§ Exercise materials
Start of Block
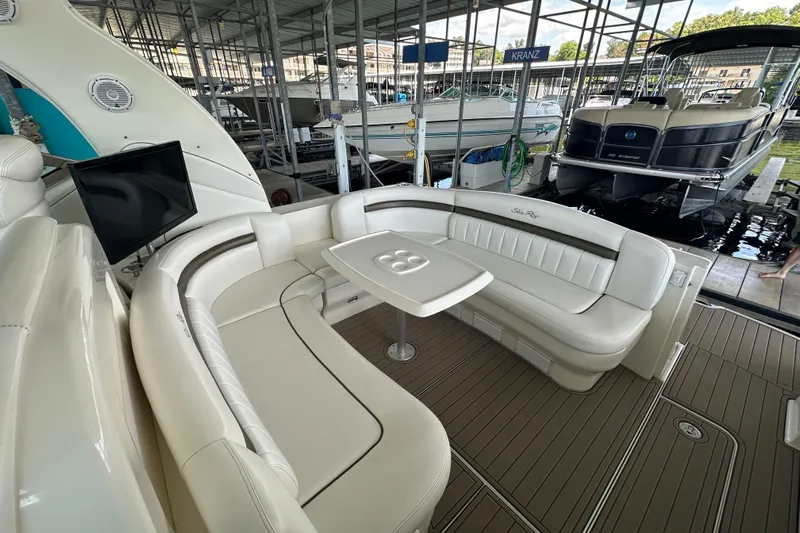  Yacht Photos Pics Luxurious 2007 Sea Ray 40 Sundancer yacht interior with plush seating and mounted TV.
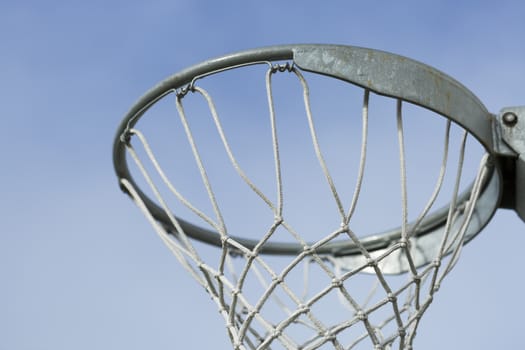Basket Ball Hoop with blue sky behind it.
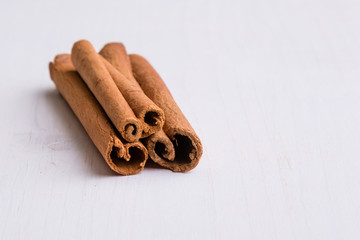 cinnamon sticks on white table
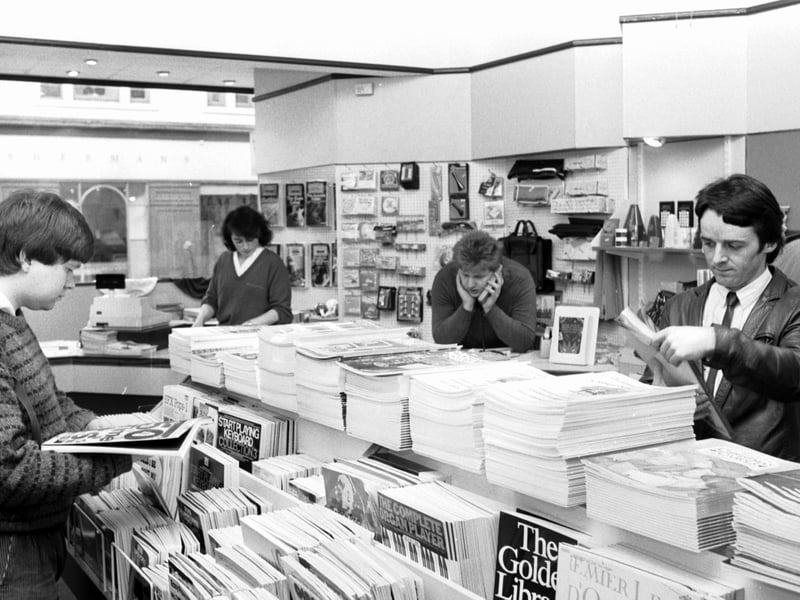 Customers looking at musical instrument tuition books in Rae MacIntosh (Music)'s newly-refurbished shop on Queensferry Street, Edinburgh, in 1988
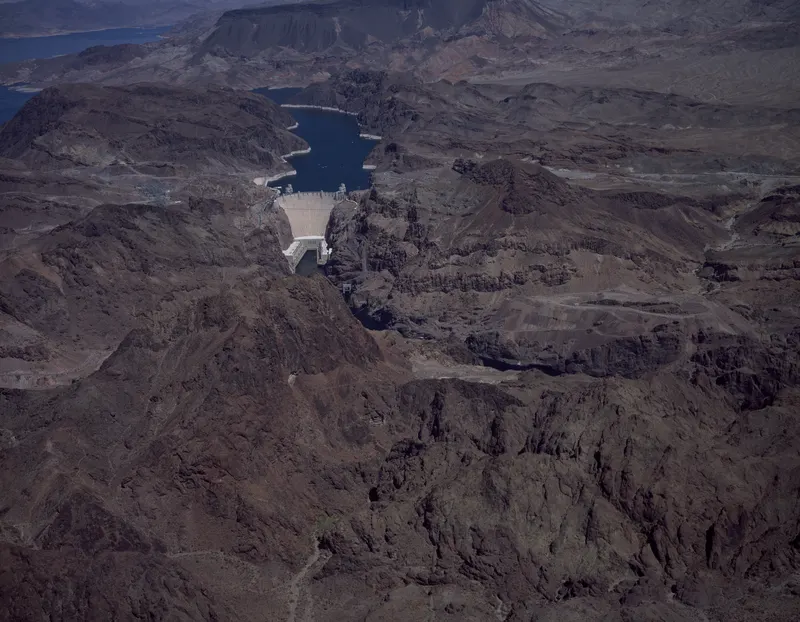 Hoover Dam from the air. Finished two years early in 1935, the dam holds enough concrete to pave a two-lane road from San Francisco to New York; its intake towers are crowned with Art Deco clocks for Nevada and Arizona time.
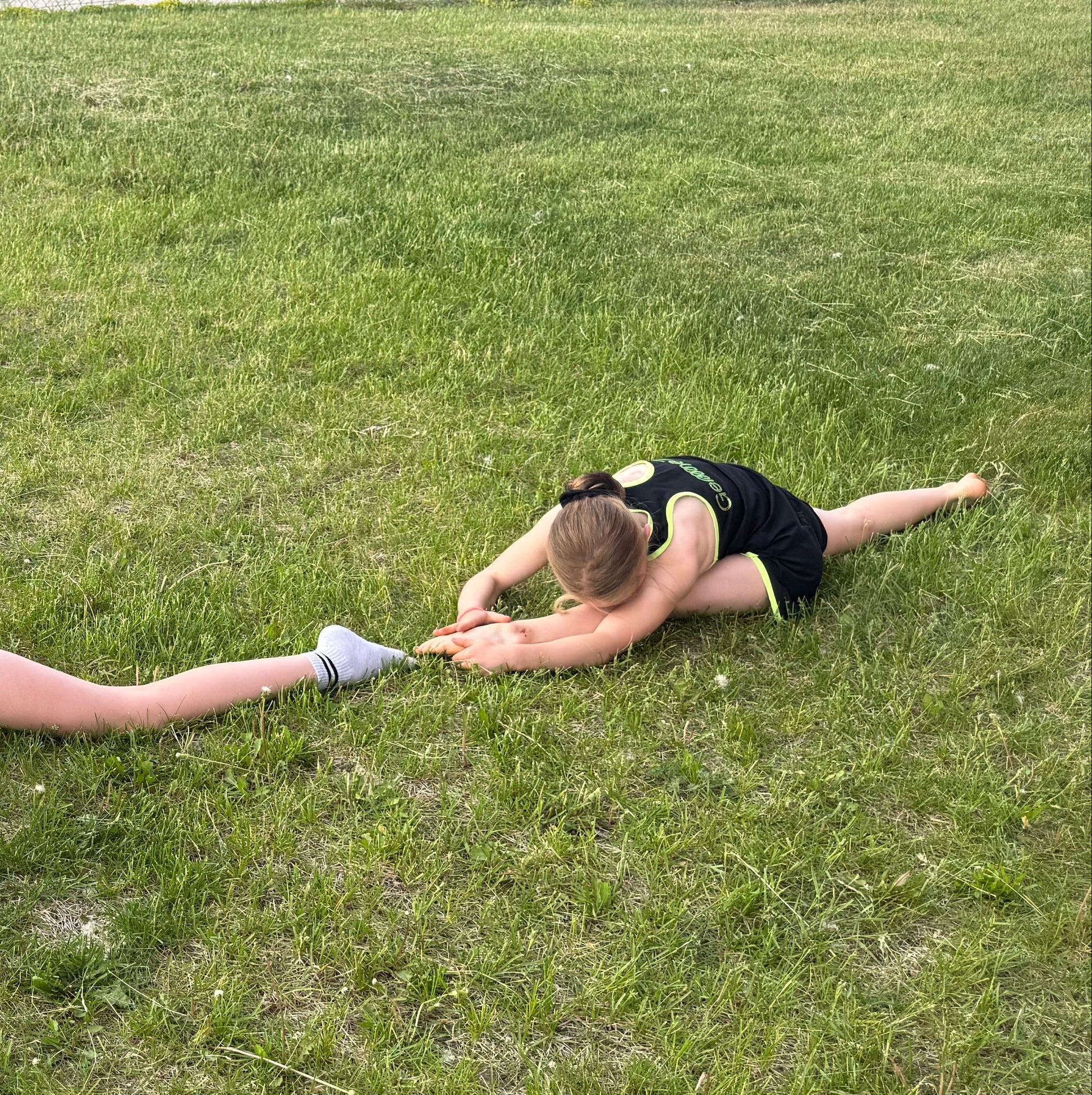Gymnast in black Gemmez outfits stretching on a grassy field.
End of Block
§ Work instruction
Reproduce the data word for word without its images.

§ Task output
  Yacht Photos Pics Luxurious 2007 Sea Ray 40 Sundancer yacht interior with plush seating and mounted TV.
Basket Ball Hoop with blue sky behind it.
 cinnamon sticks on white table
 Customers looking at musical instrument tuition books in Rae MacIntosh (Music)'s newly-refurbished shop on Queensferry Street, Edinburgh, in 1988
 Hoover Dam from the air. Finished two years early in 1935, the dam holds enough concrete to pave a two-lane road from San Francisco to New York; its intake towers are crowned with Art Deco clocks for Nevada and Arizona time.
Gymnast in black Gemmez outfits stretching on a grassy field.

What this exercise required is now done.